The Seventh Circuit found that Conan Doyle Estate, Ltd. must pay the attorneys’ fees for Leslie Klinger, who won a declaratory judgment that he would not be infringing on any rights of the Estate for stories about Sherlock Holmes where the copyrights on those works had expired.
“Unless Klinger is awarded his attorneys’ fees, he will have lost money—to be precise, $25,769.93 ($30,679.93 – $5,000)—in winning an appeal in which the defendant’s only defense bordered on the frivolous: a Pyrrhic victory if ever there was one,” Judge Richard Posner wrote.
Six weeks earlier, the Seventh Circuit found that the Estate could not charge a license fee on Conan Doyle’s works published before 1923 because the copyrights had expired. The Estate had demanded a license fee of at least $5,000 from Klinger. Rather than pay the license, Klinger sued and won. (See our earlier post.) He subsequently asked for attorneys’ fees in the amount of $30,679.93. The Estate opposed the award of attorneys’ fees, as Posner wrote, “on the same hopeless grounds that it had urged in its appeal.”

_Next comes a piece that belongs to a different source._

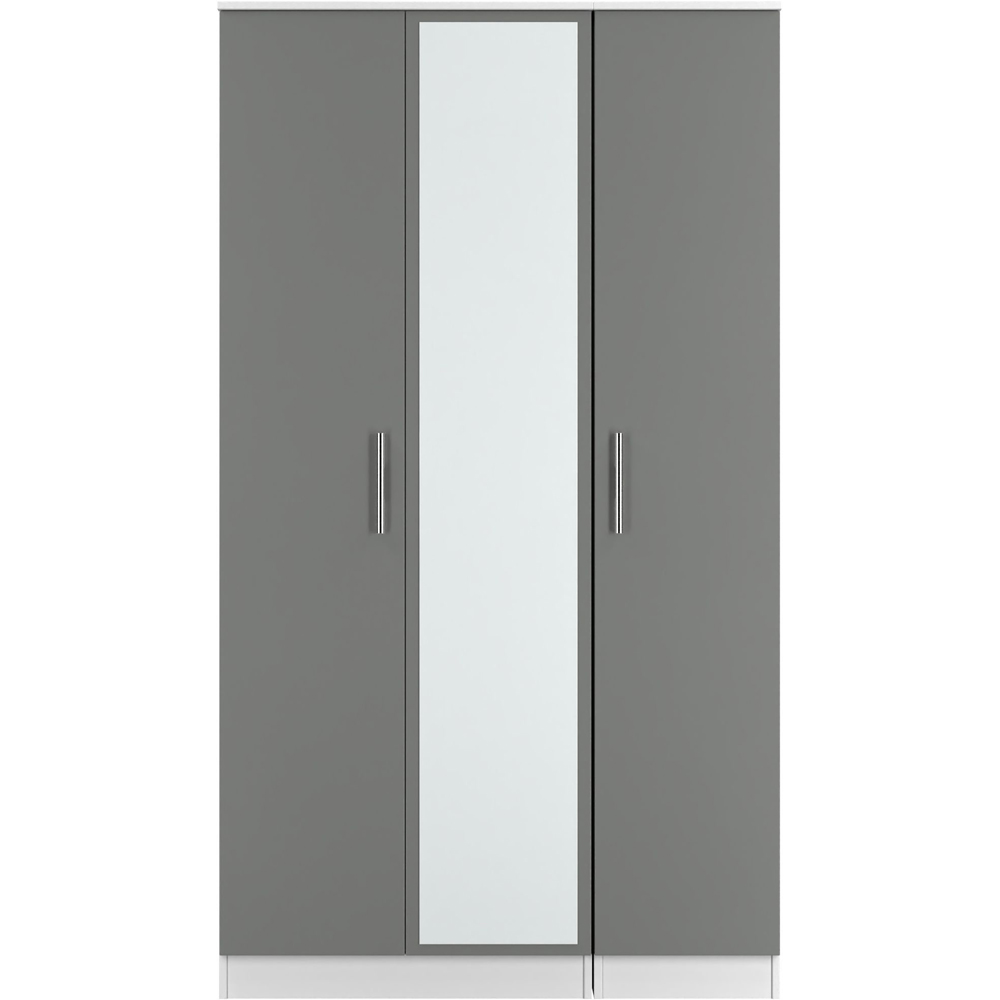 Crowndale Contrast 3 Door Dusk Grey and White Tall Mirrored Wardrobe Ready Assembled Image 7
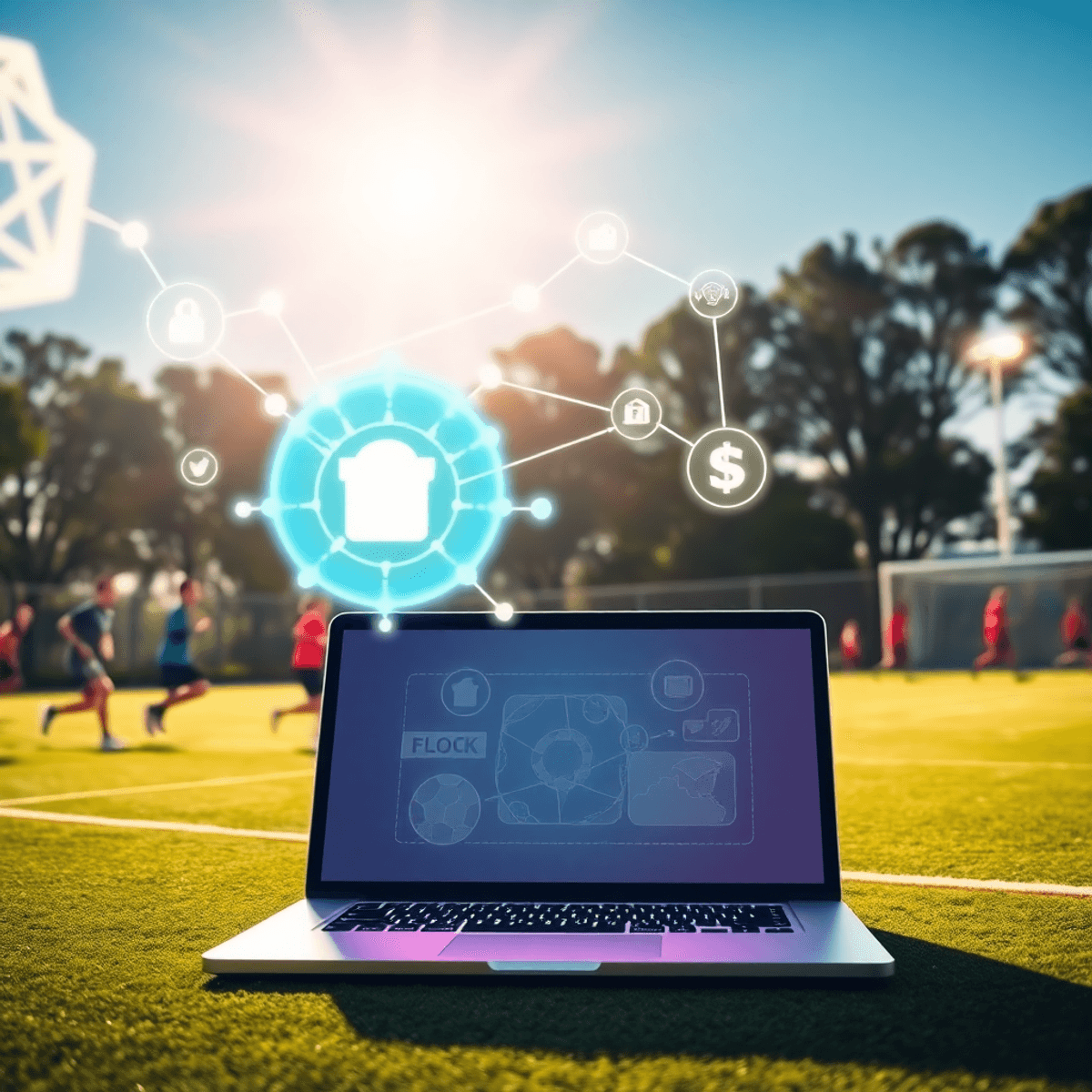 Athletes competing on a bright sports field with a laptop displaying glowing, interconnected digital icons above it, symbolizing innovation and fundraising.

Judge Posner noted that the Estate’s “business strategy is plain: charge a modest license fee for which there is no legal basis, in the hope that the ‘rational’ writer or publisher asked for the fee will pay it rather than incur a greater cost, in legal expenses, in challenging the legality of the demand.”
Rather than bowing to the demand, Klinger “was a private attorney general, combatting a disreputable business practice—a form of extortion—and he is seeking by the present motion not to obtain a reward but merely to avoid a loss,” the appellate court said.
“He has performed a public service—and with substantial risk to himself, for had he lost he would have been out of pocket for the $69,803.37 in fees and costs incurred at the trial and appellate levels. . . The willingness of someone in Klinger’s position to sue rather than pay Doyle’s estate a modest license fee is important because it injects risk into the estate’s business model,” Posner observed. “For exposing the estate’s unlawful business strategy, Klinger deserves a reward but asks only to break even.”
Klinger v. Conan Doyle Estate, Seventh Cir. No. 14-1128, issued August 4, 2014.